◆ **WORK INSTRUCTION**:
An unchanged copy of each entry below is needed; keep the pictures out of it.

◆ **Web page caption snippets**:
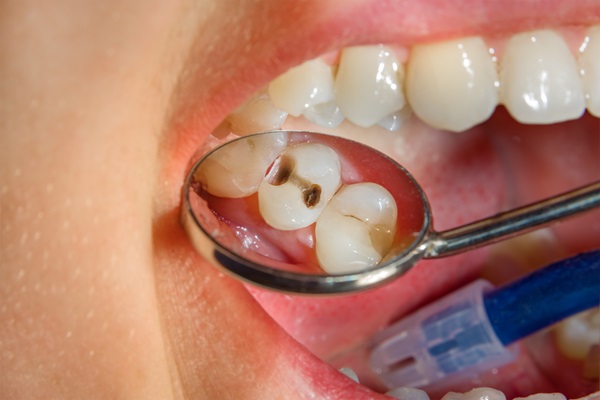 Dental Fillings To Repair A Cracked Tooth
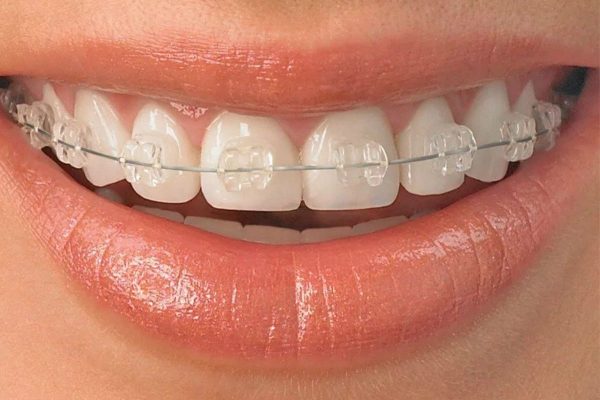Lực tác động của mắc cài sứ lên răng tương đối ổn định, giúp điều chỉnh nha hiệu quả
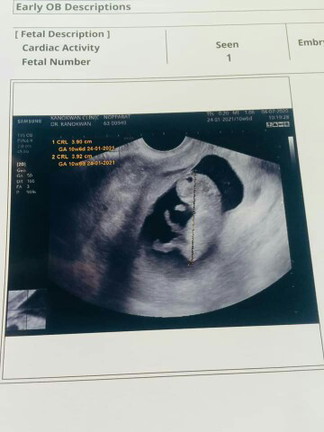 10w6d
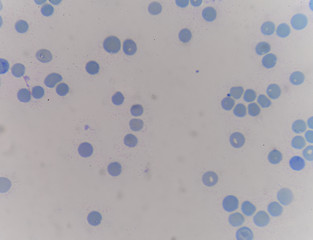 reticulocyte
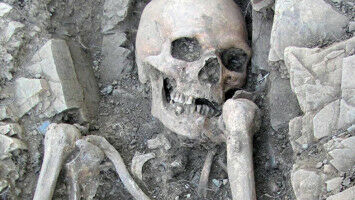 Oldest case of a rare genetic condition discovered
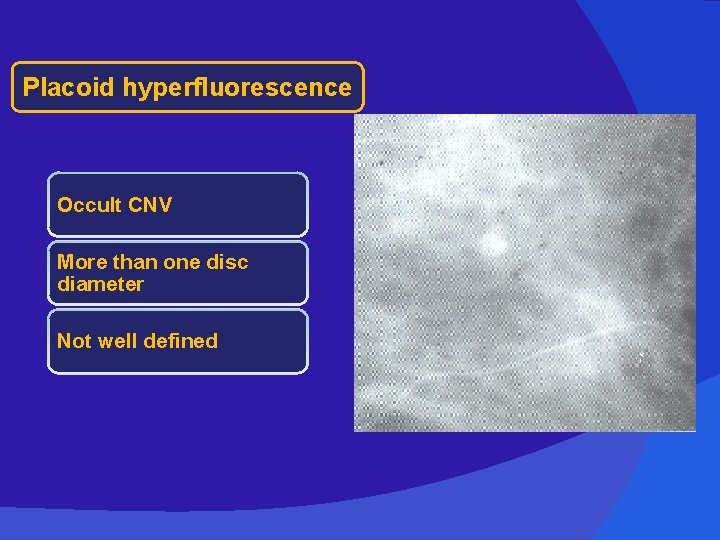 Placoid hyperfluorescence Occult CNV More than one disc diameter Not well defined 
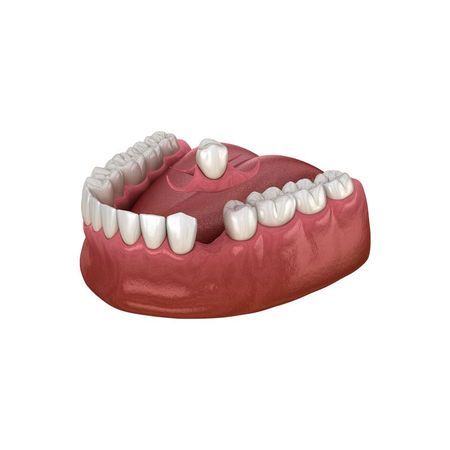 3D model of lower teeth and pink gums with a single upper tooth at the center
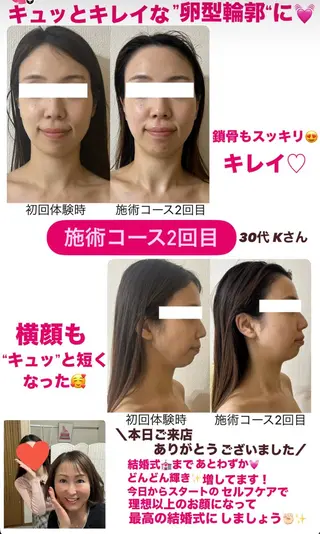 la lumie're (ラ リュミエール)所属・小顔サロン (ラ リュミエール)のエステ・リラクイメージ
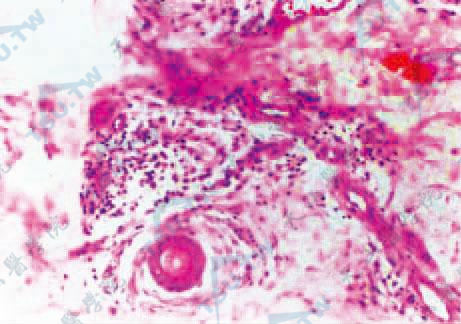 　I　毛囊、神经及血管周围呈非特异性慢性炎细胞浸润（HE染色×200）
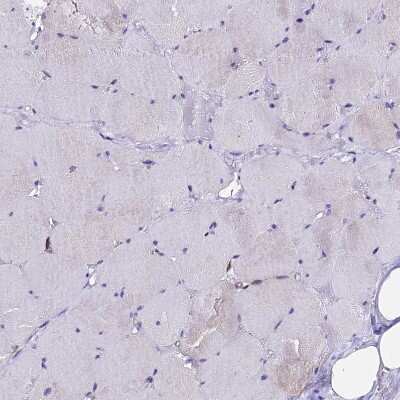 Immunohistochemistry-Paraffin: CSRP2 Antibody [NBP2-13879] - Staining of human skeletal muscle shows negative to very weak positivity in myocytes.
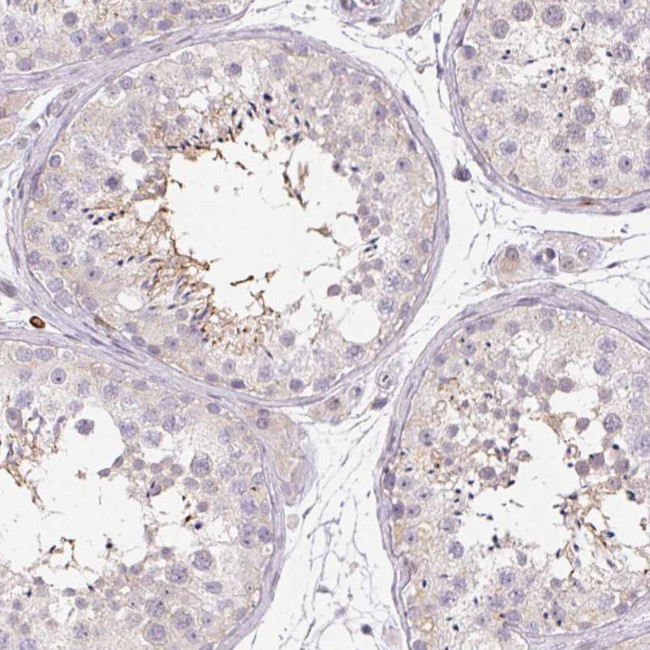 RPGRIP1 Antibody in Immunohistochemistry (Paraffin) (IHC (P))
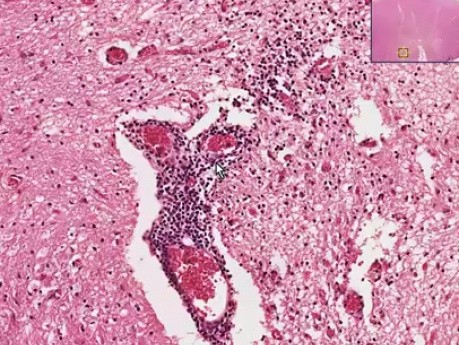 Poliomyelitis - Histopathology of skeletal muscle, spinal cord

◆ **WRITTEN RESPONSE**:
 Dental Fillings To Repair A Cracked Tooth
Lực tác động của mắc cài sứ lên răng tương đối ổn định, giúp điều chỉnh nha hiệu quả
 10w6d
 reticulocyte
 Oldest case of a rare genetic condition discovered
 Placoid hyperfluorescence Occult CNV More than one disc diameter Not well defined 
 3D model of lower teeth and pink gums with a single upper tooth at the center
 la lumie're (ラ リュミエール)所属・小顔サロン (ラ リュミエール)のエステ・リラクイメージ
 　I　毛囊、神经及血管周围呈非特异性慢性炎细胞浸润（HE染色×200）
 Immunohistochemistry-Paraffin: CSRP2 Antibody [NBP2-13879] - Staining of human skeletal muscle shows negative to very weak positivity in myocytes.
 RPGRIP1 Antibody in Immunohistochemistry (Paraffin) (IHC (P))
 Poliomyelitis - Histopathology of skeletal muscle, spinal cord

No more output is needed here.